Task objective
The answer must be the full data, restated word for word, with no pictures in it.

Supplied data

- - -

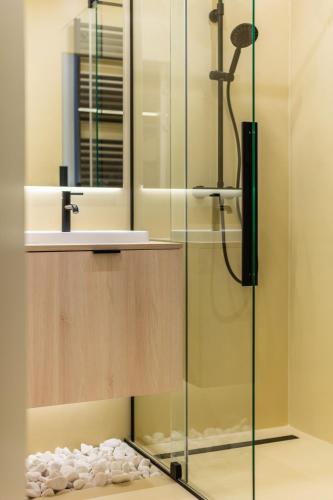 a shower with a glass door and a sink at Sandstone Apartament - homfi Collection in Kraków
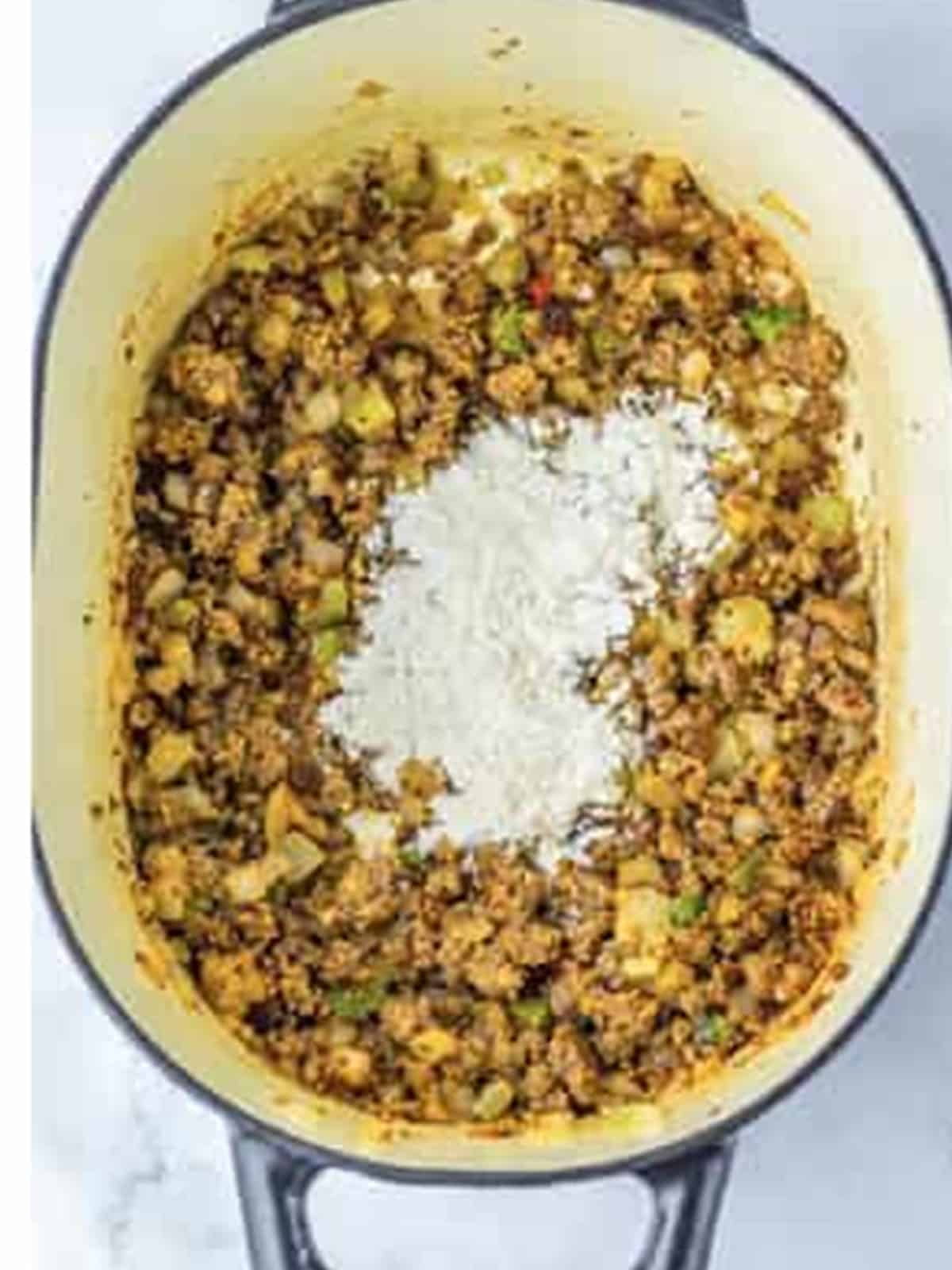 Flour stirred into the sausage and vegetables to thicken the soup.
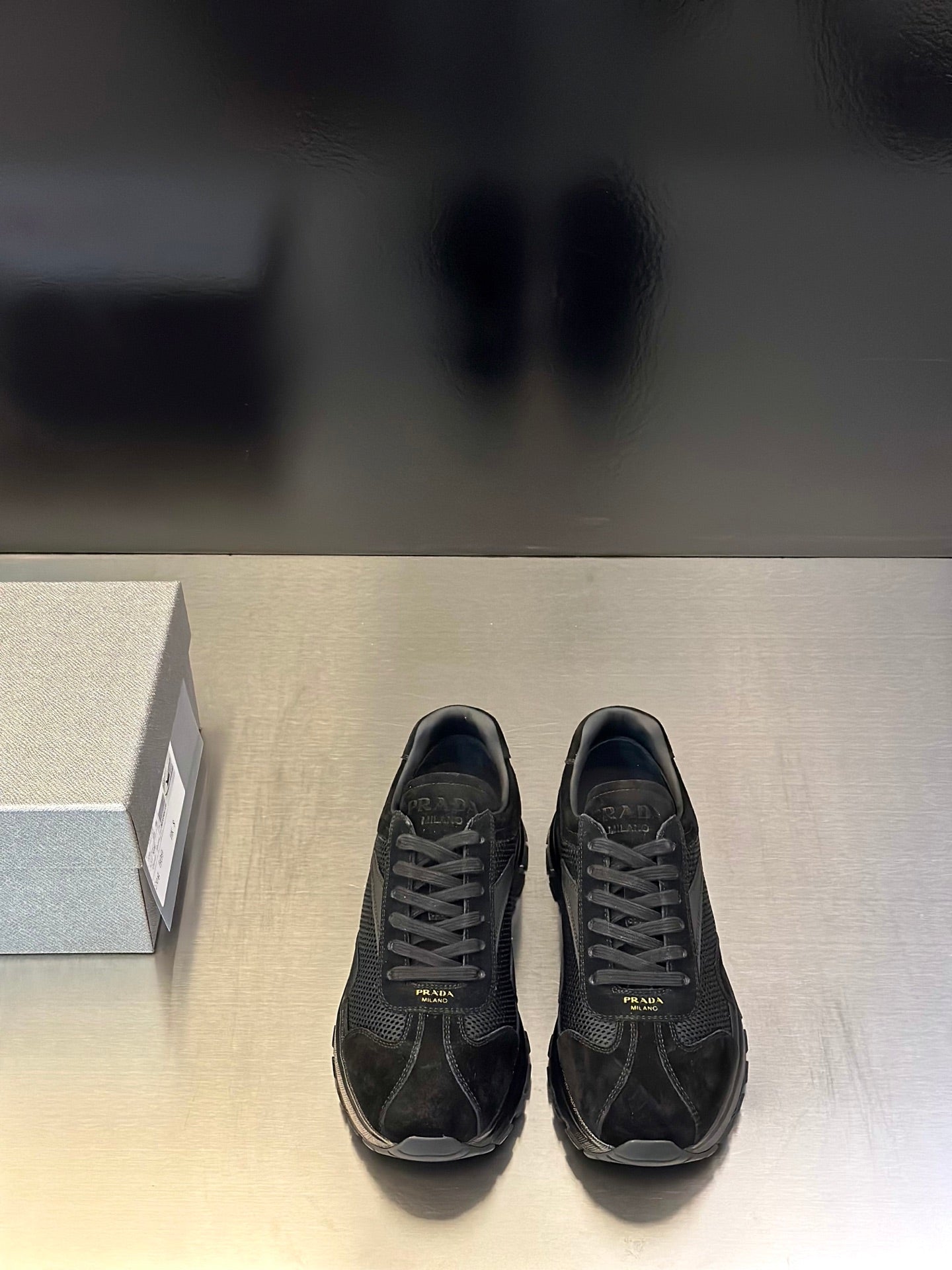 Prada unisex black sneakers with lace-up front and rubber sole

- - -

Output for this task
 a shower with a glass door and a sink at Sandstone Apartament - homfi Collection in Kraków
 Flour stirred into the sausage and vegetables to thicken the soup.
 Prada unisex black sneakers with lace-up front and rubber sole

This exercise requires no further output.